Trittschalldämmung

Trittschalldämmung

Das geltende Baurecht schreibt für die Ausführung von Decken/Estrich bestimmte Werte für die Trittschalldämmung vor. Diese werden vorwiegend durch schwimmend – also auf Dämmmaterialien – verlegte Estriche erreicht. Die auf den Estrichen verlegten Bodenbeläge erbringen eine zusätzliche Verbesserung dieser Werte.

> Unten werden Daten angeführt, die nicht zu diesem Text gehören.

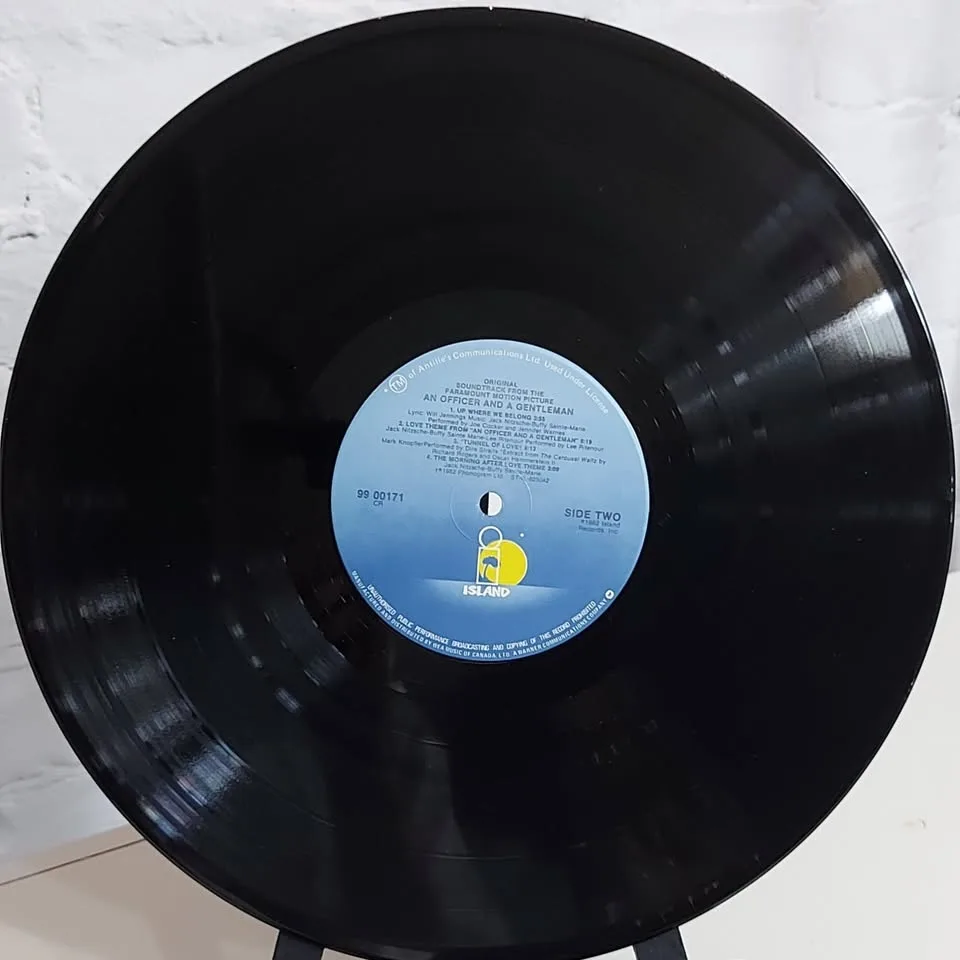 An Officer And A Gentleman Original SoundTrack vinyl LP image indicator(7)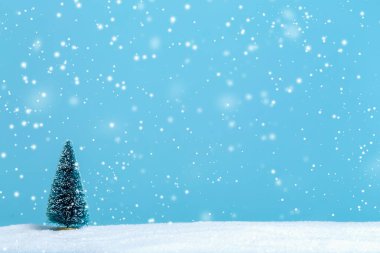 minyatür Noel ağacı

Diese beträgt – wie bei einfachen elastischen Bodenbelägen – ca. ein bis zwei Dezibel, bei dicken Textilbelägen dagegen bis zu 30 Dezibel. Dass man beim Begehen eines textilen Belages kaum Trittschall (und Raumschall) erzeugt, ist verständlich. Werden solche Beläge eines Tages gegen einen dünnen PVC-Belag, gegen keramische Fliesen, Parkett oder Laminat ausgetauscht, führt dies ständig zu Klagen des darunter oder auch daneben Wohnenden wegen erheblicher Lärmbelästigung. Wie Gerichtsurteile immer wieder bestätigen, ist der Lärmverursacher nicht verplichtet, die Trittschallwerte wiederherzustellen, die vor dem Austausch des Bodenbelages geherrscht haben. Allerdings muss der vorgeschriebene Schallschutz gewährleistet sein, was sich leicht durch Messungen feststellen lässt.

Dabei treten dann oft Schallbrücken (fehlende Randdämmstreifen, mit Spachtelmasse ausgefüllte Randfugen, Kieselsteine u. dgl.) zu Tage, die für die Weiterleitung des Trittschalls in die Wände und damit in das Gebäude verantwortlich sind. Streitigkeiten der genannten Art lassen sich bereits vermeiden, wenn der Eigentümer oder Mieter statt harter Straßenschuhe solche mit Gummisohlen oder gleich Hausschuhe trägt.